The US economy would not withstand it any more than the European economy. What Trump proposed was not far from a self-imposed embargo on his own country, the kind of measures usually taken during a major conflict to strangle an enemy. The text of the speech sent by the White House a few minutes after contained these words. It was not a mistake.
Donald Trump was forced to back down. He tweeted in the evening that "trade will not be affected. The restriction stops people not goods." This was too late. The markets have collapsed, raising the spectre of a serious and lasting global economic crisis, intentionally fuelled on top of the public health one.
The fact that such a speech has been proposed and validated by the chain of command up to the President reveals reflexes that will no doubt be repeated when it comes to drawing the consequences of what we are going through.

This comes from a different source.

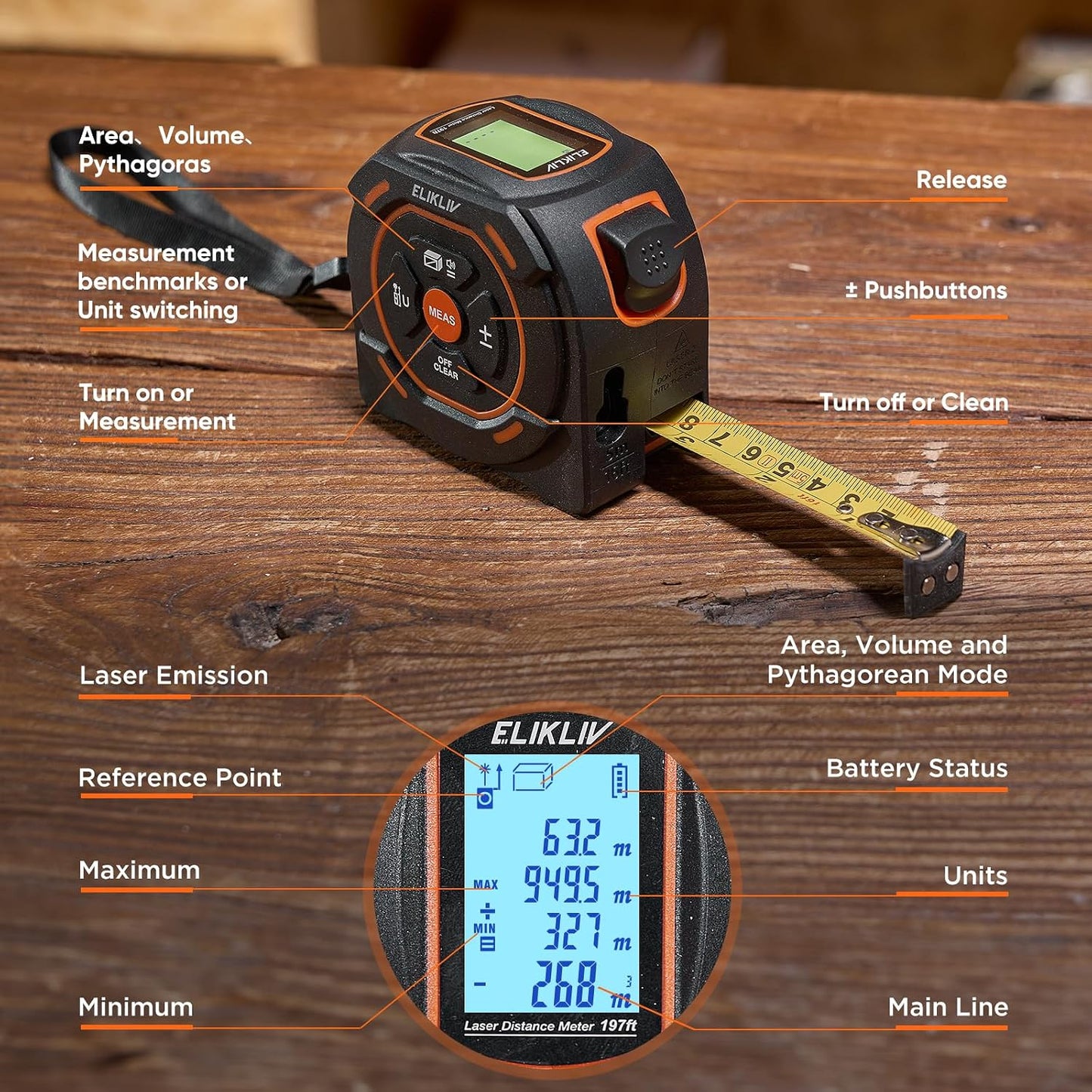 Laser Tape Measure 2-in-1, 197Ft Laser & 16Ft Digital Tape Measure | LCD Display, Pythagorean Mode, Area/Volume Calculation, USB-C Rechargeable, For Woodworking and Construction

First, the scapegoat rhetoric. After having minimized the epidemic, the Trump administration thought it needed a pretext to change its position without disavowing itself. In the pure populist tradition, the blame had to be put on someone else. It fall on Europe, as the alleged vector for importing this virus into the United States, which must now be stopped. It does not matter that the argument is false and that these measures have little effect (the United States has not issue mandatory confinement, the virus already circulates widely). For Donald Trump, from the beginning, the coronavirus crisis has been less a public health problem to be solved than a narrative battle to be won. This is true today, and will be true in the future.

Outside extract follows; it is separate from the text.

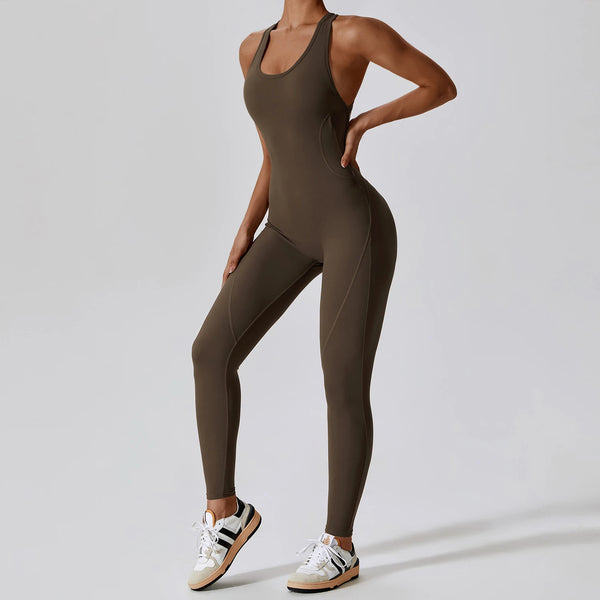 Macacão-Welles-Rit-academia-roupa-de-fitness-legging-treino-welles-corrida-tenis-beach-tennis-marrom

Then, the retrenchment. The United States has been in a long phase of withdrawal from world affairs for years. This has been following a nationalistic and brutal stance since President Trump. International cooperation has little place in this context. It is hard to imagine the US administration, after blaming "a foreign virus", calling for coordination with these same foreigners to curb the spread of the virus and develop the necessary long-term responses. On the contrary: Die Welt tells us that President Trump tried to buy a German company that manufactures a possible vaccine in order to reserve it for the Americans. So much for joint international efforts.
Finally, this reveals the extent to which Donald Trump's anti-European obsession is gaining the upper hand. After calling Europe a "foe" and allowing the idea that the United States might leave NATO to float, the open trade war with China has left some European politicians hoping to have slipped through the cracks - so much so that the European Commission has started to consider a new trade agreement with the United States. This was a misperception. Donald Trump had warned that as soon as tensions on the Chinese front stabilised, Europe would be next on the list. It is no coincidence that he is now pointing to Europe as the culprit for the spread of the coronavirus.

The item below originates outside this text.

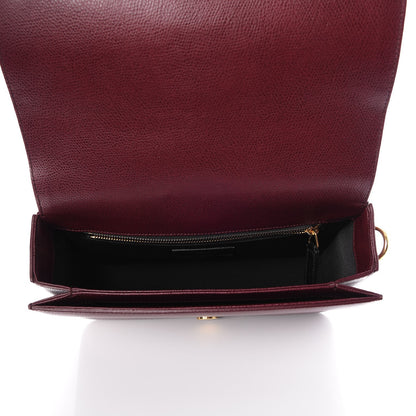 Saint Laurent Textured Calfskin Medium Classic Monogram Universite Bag Dark Red 5 of 8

Donald Trump's term of office may come to an end at the end of the year. But it may not. There will be profound lessons to be learned from the coronavirus crisis for the world economy. Recognizing that a some important elements will have to change, President Macron has called for "breakthrough decisions". If anyone wonder about what the Trump administration response might in the aftermath of the crises, this episode provided some insight. It is up to Europe to prepare for this, while hoping of finding back its allies as soon as possible.